[v1,2/3] x86/coco: Disable TDX module calls when TD partitioning is active

Message ID 20231122170106.270266-2-jpiotrowski@linux.microsoft.com
State New
Headers
Series [v1,1/3] x86/tdx: Check for TDX partitioning during early TDX init |

Commit Message

Jeremi Piotrowski Nov. 22, 2023, 5:01 p.m. UTC
  Introduce CC_ATTR_TDX_MODULE_CALLS to allow code to check whether TDX module
calls are available. When TD partitioning is enabled, a L1 TD VMM handles most
TDX facilities and the kernel running as an L2 TD VM does not have access to
TDX module calls. The kernel still has access to TDVMCALL(0) which is forwarded
to the VMM for processing, which is the L1 TD VM in this case.

Cc: <stable@vger.kernel.org> # v6.5+
Signed-off-by: Jeremi Piotrowski <jpiotrowski@linux.microsoft.com>
---
 arch/x86/coco/core.c                     | 3 +++
 arch/x86/include/asm/unaccepted_memory.h | 2 +-
 drivers/virt/coco/tdx-guest/tdx-guest.c  | 3 +++
 include/linux/cc_platform.h              | 8 ++++++++
 4 files changed, 15 insertions(+), 1 deletion(-)
  

Comments

Kirill A. Shutemov Nov. 23, 2023, 2:13 p.m. UTC | #1
On Wed, Nov 22, 2023 at 06:01:05PM +0100, Jeremi Piotrowski wrote:
> Introduce CC_ATTR_TDX_MODULE_CALLS to allow code to check whether TDX module
> calls are available. When TD partitioning is enabled, a L1 TD VMM handles most
> TDX facilities and the kernel running as an L2 TD VM does not have access to
> TDX module calls. The kernel still has access to TDVMCALL(0) which is forwarded
> to the VMM for processing, which is the L1 TD VM in this case.

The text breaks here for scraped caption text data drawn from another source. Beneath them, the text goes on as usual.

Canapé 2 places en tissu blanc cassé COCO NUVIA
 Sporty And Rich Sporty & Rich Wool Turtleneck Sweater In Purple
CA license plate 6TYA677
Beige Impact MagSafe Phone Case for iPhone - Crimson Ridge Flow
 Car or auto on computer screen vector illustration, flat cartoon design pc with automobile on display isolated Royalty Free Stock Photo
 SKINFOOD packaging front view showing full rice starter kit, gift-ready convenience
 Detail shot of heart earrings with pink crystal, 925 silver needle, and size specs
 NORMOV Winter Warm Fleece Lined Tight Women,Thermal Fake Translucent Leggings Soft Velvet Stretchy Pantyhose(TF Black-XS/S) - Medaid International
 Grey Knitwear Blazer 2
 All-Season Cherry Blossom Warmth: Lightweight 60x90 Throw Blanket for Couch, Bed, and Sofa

Sounds like a problem introduced by patch 1/3 :/
  
Jeremi Piotrowski Nov. 24, 2023, 10:38 a.m. UTC | #2
On 23/11/2023 15:13, Kirill A. Shutemov wrote:
> On Wed, Nov 22, 2023 at 06:01:05PM +0100, Jeremi Piotrowski wrote:
>> Introduce CC_ATTR_TDX_MODULE_CALLS to allow code to check whether TDX module
>> calls are available. When TD partitioning is enabled, a L1 TD VMM handles most
>> TDX facilities and the kernel running as an L2 TD VM does not have access to
>> TDX module calls. The kernel still has access to TDVMCALL(0) which is forwarded
>> to the VMM for processing, which is the L1 TD VM in this case.
> 

Correction: it turns out TDVMCALL(0) is handled by L0 VMM.

> Sounds like a problem introduced by patch 1/3 :/
> 

What problem are you referring to? This patch is making the kernel aware of which
subfeatures of TDX are available to it.

This patch is needed once you make the kernel aware of X86_FEATURE_TDX_GUEST, which
is applicable because we're dealing with a TDX guest.
  
Kai Huang Nov. 29, 2023, 10:37 a.m. UTC | #3
On Fri, 2023-11-24 at 11:38 +0100, Jeremi Piotrowski wrote:
> On 23/11/2023 15:13, Kirill A. Shutemov wrote:
> > On Wed, Nov 22, 2023 at 06:01:05PM +0100, Jeremi Piotrowski wrote:
> > > Introduce CC_ATTR_TDX_MODULE_CALLS to allow code to check whether TDX module
> > > calls are available. When TD partitioning is enabled, a L1 TD VMM handles most
> > > TDX facilities and the kernel running as an L2 TD VM does not have access to
> > > TDX module calls. The kernel still has access to TDVMCALL(0) which is forwarded
> > > to the VMM for processing, which is the L1 TD VM in this case.
> > 
> 
> Correction: it turns out TDVMCALL(0) is handled by L0 VMM.
> > 

Some thoughts after checking the spec more to make sure we don't have
misunderstanding on each other:

The TDX module will unconditionally exit to L1 for any TDCALL (except the
TDVMCALL) from the L2.  This is expected behaviour.  Because the L2 isn't a true
TDX guest, L1 is expected to inject a #UD or #GP or whatever error to L2 based
on the hardware spec to make sure L2 gets an correct architectural behaviour for
the TDCALL instruction.

I believe this is also the reason you mentioned "L2 TD VM does not have access
to TDX module calls".

However TDX module actually allows the L1 to control whether the L2 is allowed
to execute TDVMCALL by controlling whether the TDVMCALL from L2 will exit to L0
or L1.

I believe you mentioned "TDVMCALL(0) is handled by L0 VMM" is because the L1
hypervisor -- specifically, hyperv -- chooses to let the TDVMCALL from L2 exit
to L0?

But IMHO this is purely the hyperv's implementation, i.e., KVM can choose not to
do so, and simply handle TDVMCALL in the same way as it handles normal TDCALL --
inject the architecture defined error to L2.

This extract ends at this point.